The inverter has a separate warranty for only 10 years. Most inverters tend to have a more limited lifespan than panels and it is expected that I'll need to replace my inverter once during the life of the panels, probably around 15 years out. I asked for an estimate of what it would cost to replace a dead inverter and was quoted $400/kW or about $1,200 in my case. For my estimation, I'll conservatively add in $1,200 cost, however it is certainly possible that inverters will be cheaper by that point - they are just electronics after all and electronics tend to get cheaper over time.

Production

The US Dept of Energy runs a web tool called PVWatts that allows a person to calculate with reasonable accuracy how much power a set of panels will generate, given a number of inputs: location, angle of roof, direction of roof, size of array. It's no guarantee but the model should be fairly accurate over long periods of time. In my case, plugging in my numbers produced a generation estimate of 4,830 kWh per year. A solar installer will likely run the PVWatts numbers for you as part of their design process.

Dollar Savings

As a Californian, I buy my power from the utility PG&E. In Caliornia, PG&E uses tiered rates. Tiering works kinda like income tax brackets. The first X kWh you use in a month cost some low price. After that is used up, the next X kWh you use in a month cost a good deal higher prices. This continues through several tiers. The highest tiers have a very high cost per kWh. So, while your average cost per kWh may be somewhere in the middle of these costs, saving a little power is all savings at the highest, most expensive, tier. The higher tiers can be as much as 5x more expensive than the lower tiers. Tiering works in favor of solar generation as you will get save money in the highest tier first. To see what tiers you are paying from, you can simply look at your bill.
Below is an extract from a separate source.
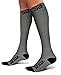 SB SOX Compression Socks for Men & Women (20-30 mmHg) - Best Support Stockings for Travel, Medical, and Sports - Perfect for Everyday Wear (Medium, Gray/Black)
In addition to tiering, I can also take advantage of Time of Use rates. Let me explain. The biggest load from residential electric usage is air conditioning. Heating is frequently powered by natural gas, but A/C can't be. Worse, in a particular area, A/C usage is highly correlated - almost everyone runs their max A/C at the same time - middle of the afternoon, when it's hottest. This is a problem for utilities: peak load on the grid is on hot summer afternoons, which sometimes causes brownouts.  Unlike water or gas, you can't cheaply store electricity. You must produce it at the moment it's needed.  This means that you have to have production capacity on your grid equal to the peak usage on a record hot summer afternoon, but 98% of the year you won't need this capacity you've paid for.  This high demand and low supply means that the power company is generally losing money during this peak time - you are paying them less for that electricity than they are paying to generate it. They make it up the rest of the year. Instead of fixed rates, PG&E also offers Time of Use rates if you choose to use it.  Rates during summer afternoons (1pm-7pm in the summer) are 3x higher than at other times of the day, such as at night. Those high-price rate periods are exactly when solar is generally performing the best.  This means I can generate grid power in the afternoon and get paid peak rates but then when I use power at night, I pay 3x cheaper off-peak prices. PG&E actually has a tool on their website that will tell you, for the last year, how much you would have paid with your current rate plan and a time-of-use rate plan.  Even without solar, many folks will save money with Time of Use rates.  This will especially be true for folks with electric cars that charge overnight. Plug-in cars and solar have a synergy of price savings due to time of use rates.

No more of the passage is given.